シャレー渋谷 スタートアップのオフィス選び
ベンチャー企業、特にIT系のスタートアップがオフィスを選ぶ際、人気が集中する物件というものがあります。
その理由として場所や賃料など基本的な条件はもちろんですが、その他、スタートアップ企業を惹きつけるものの存在が人気物件を作り出している理由になっているのです。
今回はそんなスタートアップがオフィス選びを進める際の理由について、これまでにスタートアップ企業の皆さんがどのようなオフィスに入居してきたのか、その例えとして渋谷の有名なビルについてお話ししたいと思います。
シャレー渋谷
代表的な物件として、「シャレー渋谷」という物件があります。
シャレー渋谷は、渋谷区桜丘町に建つ1970年代に建てられた物件です。
A棟とB棟からなる9階建ての一見すると普通のマンションのような建物は、その立地からなる利便性によって元々のマンションからオフィス用途に変貌を遂げてきました。
40㎡~80㎡ほどの面積のお部屋は、4-5名から10名強までの人員が使えるキャパシティがあり、スタートアップの企業にはまさにうってつけの広さです。
特に設備が充実しているとか内装に特徴があるとかは正直まったく無く、どこにでもあるオフィス物件といった風情です。

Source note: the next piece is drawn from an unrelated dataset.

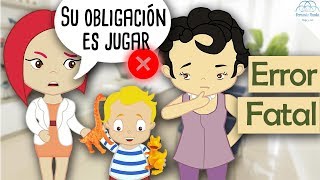 Responsabilidades de los Hijos Según su Edad [upl. by Danella]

ただし、この物件が違うのがそこに入居する、してきた企業や人たち。
これまでに入居をされていた企業はビズリーチさんやdelyさんなど今まさに輝くベンチャーの星のような企業やイケてる注目のベンチャー企業ばかりなのです。
そして各テナントはこの建物から大きく成長を遂げて格段に広いオフィスへと移転されています。
ではなぜにこのような企業が集まってくるのでしょうか?
スタートアップ企業のオフィス選びの理由
このようにITベンチャーの拠点でもある渋谷駅周辺。
2000年前後のインターネット黎明期から"ビットバレー"と呼ばれたように、渋谷駅から神泉方面に至る一帯はITベンチャー発祥の地でもありました。
そこには現在では超有名となったIT企業が本社機能を置き、スタートアップとの連携や子会社化など渋谷に集積させる要因にもなっているのです。
また、同じく古くから渋谷のインフラ整備などの大開発を続ける電鉄、不動産会社の役割も存在します。
街を変えるとともにイノベーションを生むシード期のスタートアップのためのワークラウンジやスペースを各所に稼働させるなどIT企業のサポートに貢献しているのです。
そして、オフィス選択の基準としては、場所、広さや家賃などは当たり前のこととして、最も重要視するのが"仲間"が周りにいること。
スタートアップという夢と希望、そして不安な部分をともに乗り切っていくために同じ志を持つもの同士が近くにいることは、オフィスを選ぶ際の大きなきっかけとなります。
そして、スタートアップの方々には重要な"仲間"といっても良いかもしれないのですが、スタートアップを支援するベンチャーキャピタリストの存在も大きいと思われます。
金銭面はもちろん、経営面での様々なアドバイスを送る仲間が近くにいることは大きな利点になります。
ベンチャーキャピタリストが物件を丸ごとプロデュースする事例などもでてきており、こういった流れは益々進んでいくのかもしれません。
このようにスタートアップがオフィス選びをする際に最も重要なのが、考え方を共有する仲間の存在なのです。
前述の企業も同じ考え方が共有できる理解者として仲間に入る存在だと思います。
まとめ
渋谷周辺の表参道・青山や恵比寿も同様に人気エリアですし人気物件も存在しますが、それは物件特有の魅力によるものでシャレー渋谷のような理由で人気が集中する物件というものはほとんどありません。
最近では、IT系ベンチャーさんからよくお話しをいただくようになってきたのが、五反田駅周辺エリア。
理由としては、渋谷駅周辺の前述の桜丘町などが再開発されていて老朽化した中小ビルの取り壊しの話が進んでいたり、渋谷にベンチャーが集まってきたことによる物件数の減少や賃料増が上げられます。
五反田にシャレー渋谷のような物件が出てくるのも時間の問題かもしれません。
SNS同様、企業経営におけるインフルエンサーが今後、どのような場所に仲間を集めていくのかも私たちオフィスの仲介にかかわるものとして注目して行きたいと思っています。